Use the SightLab VR GUI to select which objects in the scene will be interactive.

Additional Information

Prompts for GPT models should be enclosed in quotation marks. Example: "I am..." for OpenAI; Anthropic does not require quotes.
Refer to ElevenLabs GitHub for more information.
See Connecting Assistants for integrating assistants through OpenAI.

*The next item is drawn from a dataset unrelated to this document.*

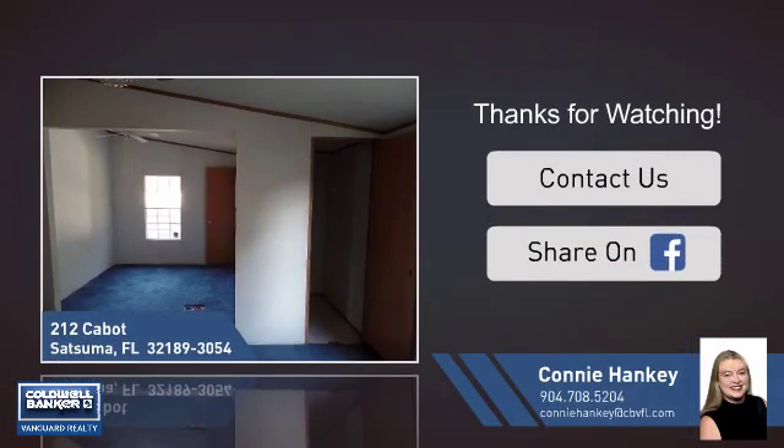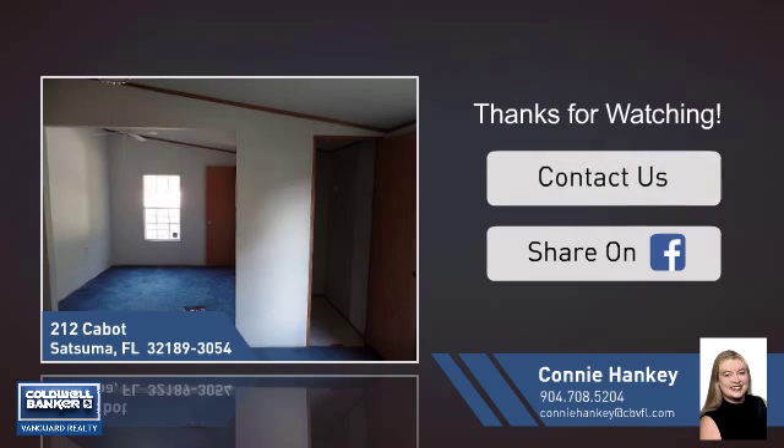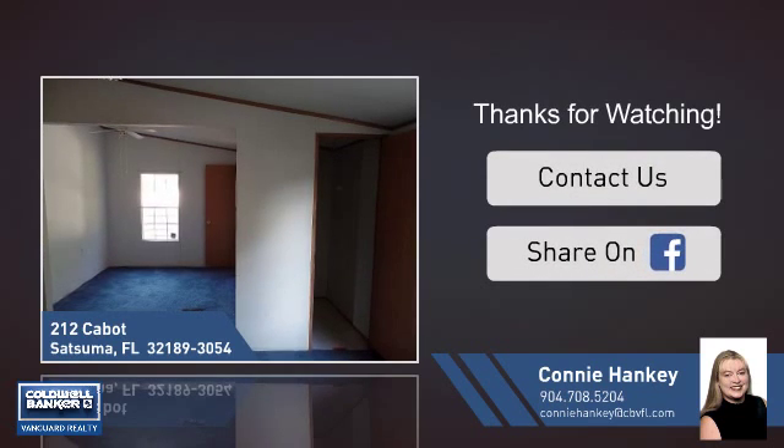If you're interested in learning more, click on screen to contact us for more information or share this property with your friends. We look forward to hearing from you.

Issues and Troubleshooting

Microphone Settings: Errors may occur if the microphone source conflicts between the VR headset and the system output.
Character Limits: Eleven Labs' free tier limits output to 10,000 characters (paid plans offer higher limits).
ffmpeg/mpv Errors: Ensure ffmpeg and mpv are installed and their paths are added to Vizard's environment path.

Tips

Environment Awareness: Take screenshots in SightLab (/ key), upload them to ChatGPT, and use the descriptions in prompts.
Custom Event Mapping: Modify vizconnect settings in settings.py under sightlab_utils/vizconnect_configs for speaking button events. See Vizconnect Events for more.
You can connect "Assistants" through the openai API, but not custom GPTs.